Em Portugal, este quadro assenta em diversos diplomas, entre os quais o Código dos Contratos Públicos, o Código Civil, o Regime Jurídico da Urbanização e Edificação e o Regulamento Geral das Edificações Urbanas. A estes acrescem normas técnicas sobre segurança sísmica e contra incêndios, reabilitação, acessibilidades e eficiência energética, fundamentais para assegurar a qualidade e segurança das obras.
Apesar deste enquadramento, vários fatores contribuem para o surgimento de litígios: a diversidade de qualificações dos intervenientes, prazos e orçamentos demasiado apertados, alterações de projeto em plena execução, falhas logísticas ou atrasos de fornecimento, escassez de mão-de-obra, evolução constante da legislação e insuficiências nos procedimentos de controlo. Ambiguidades contratuais e erros formais - particularmente frequentes na contratação pública - podem ainda originar impugnações, multas, nulidades ou a caducidade de contratos.

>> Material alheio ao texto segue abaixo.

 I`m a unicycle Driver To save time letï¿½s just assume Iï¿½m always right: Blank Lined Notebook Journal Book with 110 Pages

Quando os conflitos não são eficazmente geridos, as consequências repercutem-se por toda a linha: atrasos e paralisações aumentam custos diretos e indiretos; surgem não conformidades e riscos funcionais; podem ocorrer exclusões de mercados e elevação dos prémios de seguro; e a confiança de investidores e financiadores deteriora-se rapidamente. Acrescem ainda danos reputacionais e desgaste emocional que afetam equipas e organizações.

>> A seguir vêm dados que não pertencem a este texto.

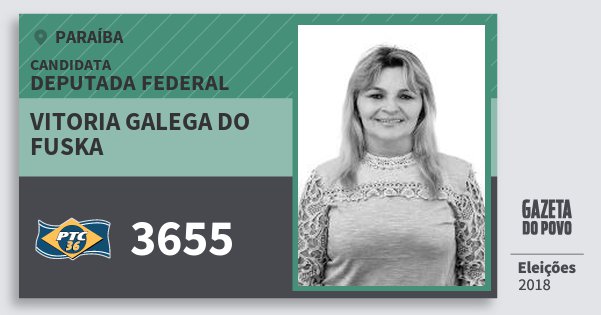 Santinho Vitoria Galega do Fuska 3655 (PTC) Deputada Federal | Paraíba | Eleições 2018 Santinho Vitoria Galega do Fuska 3655 (PTC) Deputada Federal | Paraíba | Eleições 2018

Os litígios podem ser resolvidos por via judicial ou através de mecanismos extrajudiciais - negociação, mediação, conciliação, arbitragem ou avaliação neutral. Estas vias alternativas revelam-se, muitas vezes, mais céleres, menos dispendiosas e mais adequadas à manutenção das relações profissionais. Contudo, a sua eficácia depende de serem acionadas cedo, com diagnóstico objetivo do problema, comunicação clara e disponibilidade das partes para cooperar.

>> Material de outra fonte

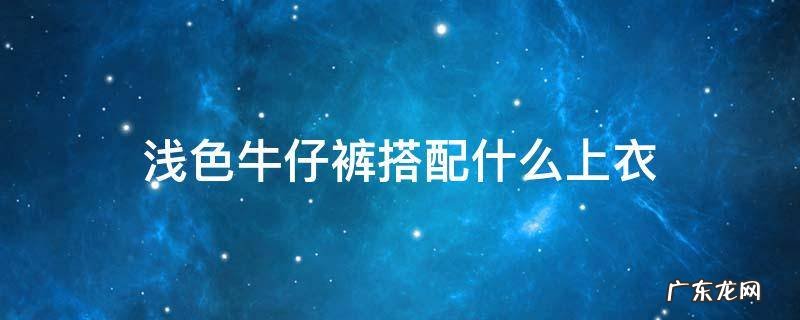 浅色牛仔裤搭配什么上衣好看 浅色牛仔裤搭配什么上衣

Por estas razões, torna-se essencial que o setor da Construção adote uma estratégia estruturada de prevenção e gestão de conflitos. A ausência desta estratégia pode levar a processos judiciais longos, com impactos económicos e sociais significativos, especialmente para promotores e investidores.
A prevenção deve ser trabalhada em vários níveis.
Nos projetos, exige contratos claros, definição rigorosa de responsabilidades e interfaces, procedimentos para alterações e revisões, mecanismos de aprovação e controlo, e recurso a ferramentas digitais que assegurem transparência e rapidez na troca de informação. Nas organizações, requer cultura de diálogo, registo documental rigoroso, políticas de gestão de risco, sistemas de incentivos e penalizações, adoção de modelos contratuais robustos e formação contínua em comunicação e resolução de conflitos.
No plano nacional, é necessária uma revisão legislativa que envolva a indústria, bem como a simplificação dos processos administrativos e judiciais associados à construção. Medidas como incentivos à mediação e arbitragem, criação de tribunais especializados, disseminação de boas práticas e desenvolvimento de bases de dados que permitam analisar causas e custos dos litígios podem melhorar a eficiência e a transparência do setor.
Embora inevitáveis em ambientes complexos, os conflitos não têm de comprometer o andamento de um projeto. A sua gestão adequada pode até estimular melhoria contínua e inovação. Porém, quando se tornam disfuncionais, os seus impactos podem ser severos. Por isso, integrar o Direito como ferramenta preventiva - presente desde o início e não apenas quando surgem problemas - é essencial para que se construam projetos mais sólidos, relações mais estáveis e um setor mais sustentável.